**Crawled caption data**.
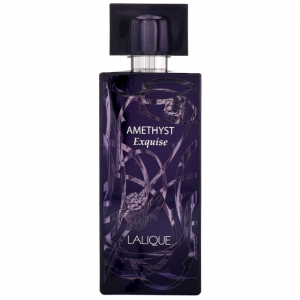 Lalique Amethyst Exquise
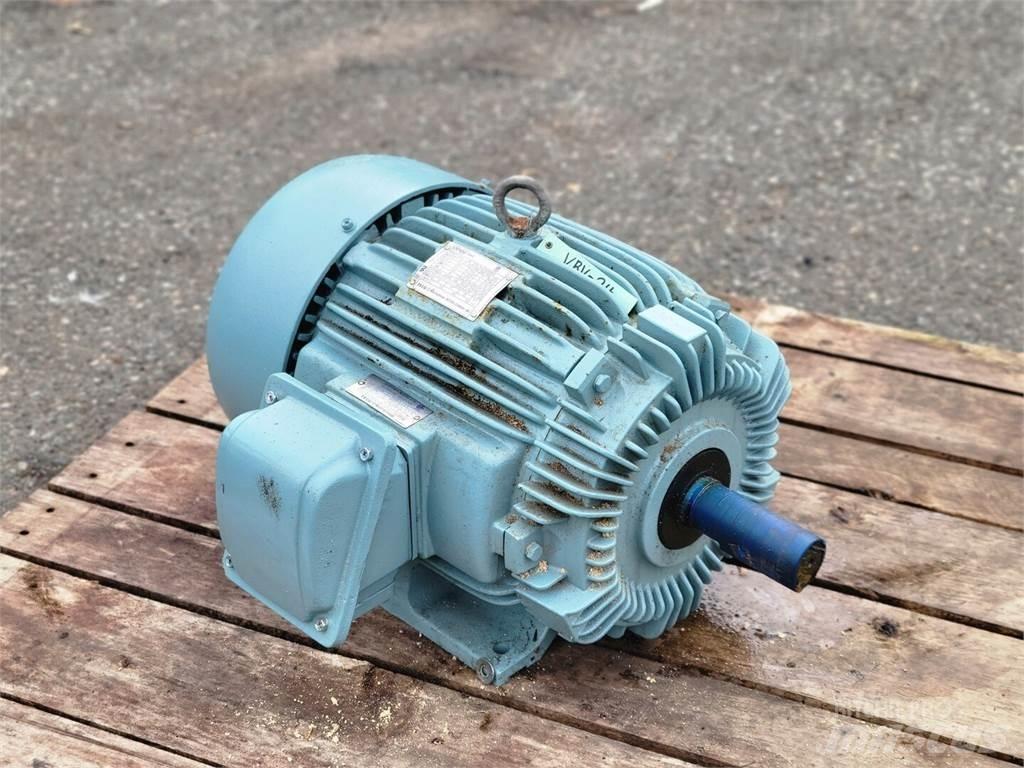  TECO PDH00585 Индустриални двигатели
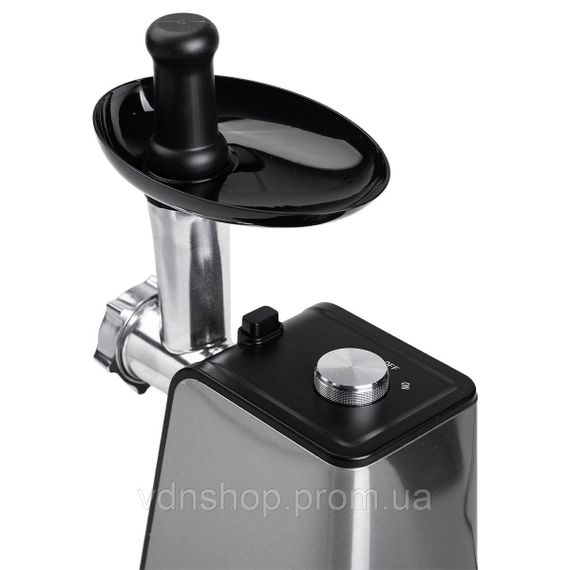 Електрична м'ясорубка для фаршу 1700 Вт електром'ясорубка Sokany SK-087 | Зображення 2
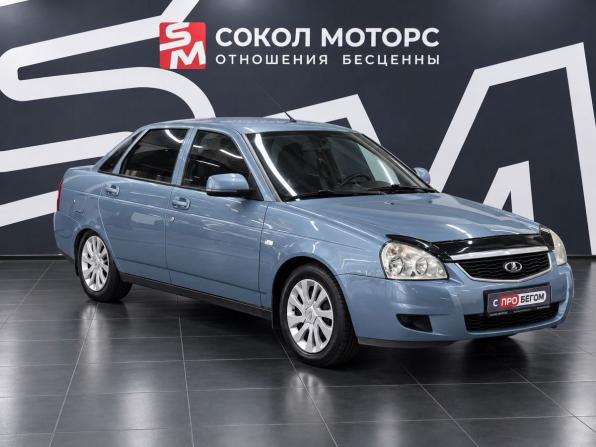 Lada (ВАЗ) Priora I Рестайлинг с пробегом 2015 года, цена 570 000 рублей, 163000 км, седан, Автокод Объявления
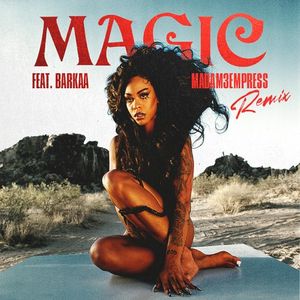 Magic (remix) (Single)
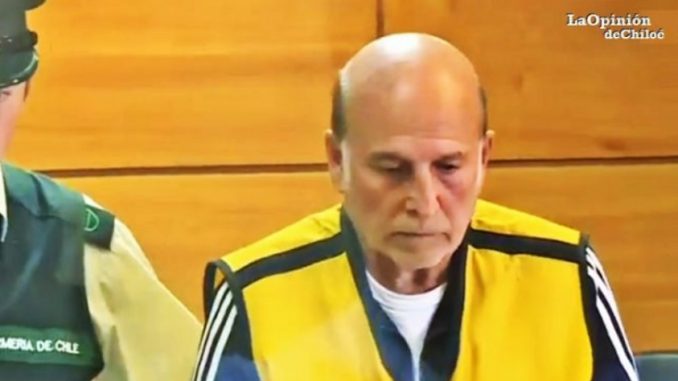 Pablo Ossio detenido
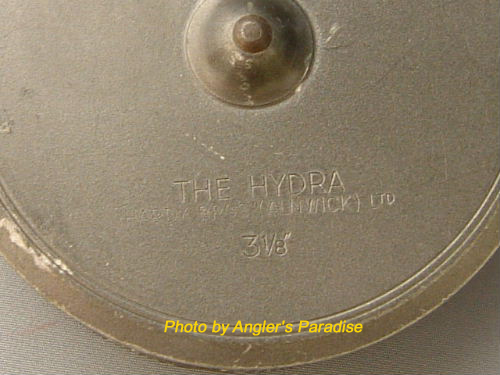 Hardy The Hydra Fly Reel All Spec。 : 『マニアの花道』 Hardy The Hydra Fly Reel All Spec。 : 『マニアの花道』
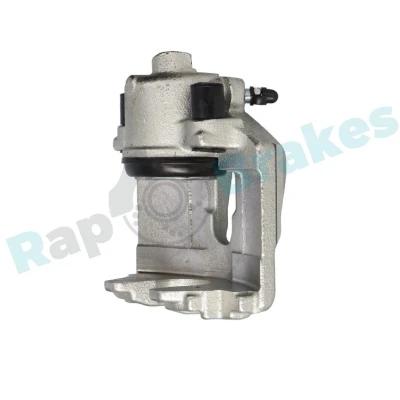 Imagen de FTE 9298245 Pinza de freno gris Hierro fundido Eje delantero, derecha sin soporte VOLKSWAGEN: GOLF 5, 6, Passat B6 Berlina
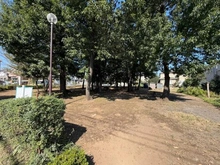 【埼玉県/所沢市所沢新町】所沢市所沢新町　土地 花園緑地（現地より約1,100m）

**TO DO**.
Set down word for word every line from the one containing "Imagen de FTE" through the last line of the records above, both ends included. Leave out the pictures.

**TASK RESPONSE**.
 Imagen de FTE 9298245 Pinza de freno gris Hierro fundido Eje delantero, derecha sin soporte VOLKSWAGEN: GOLF 5, 6, Passat B6 Berlina
 【埼玉県/所沢市所沢新町】所沢市所沢新町　土地 花園緑地（現地より約1,100m）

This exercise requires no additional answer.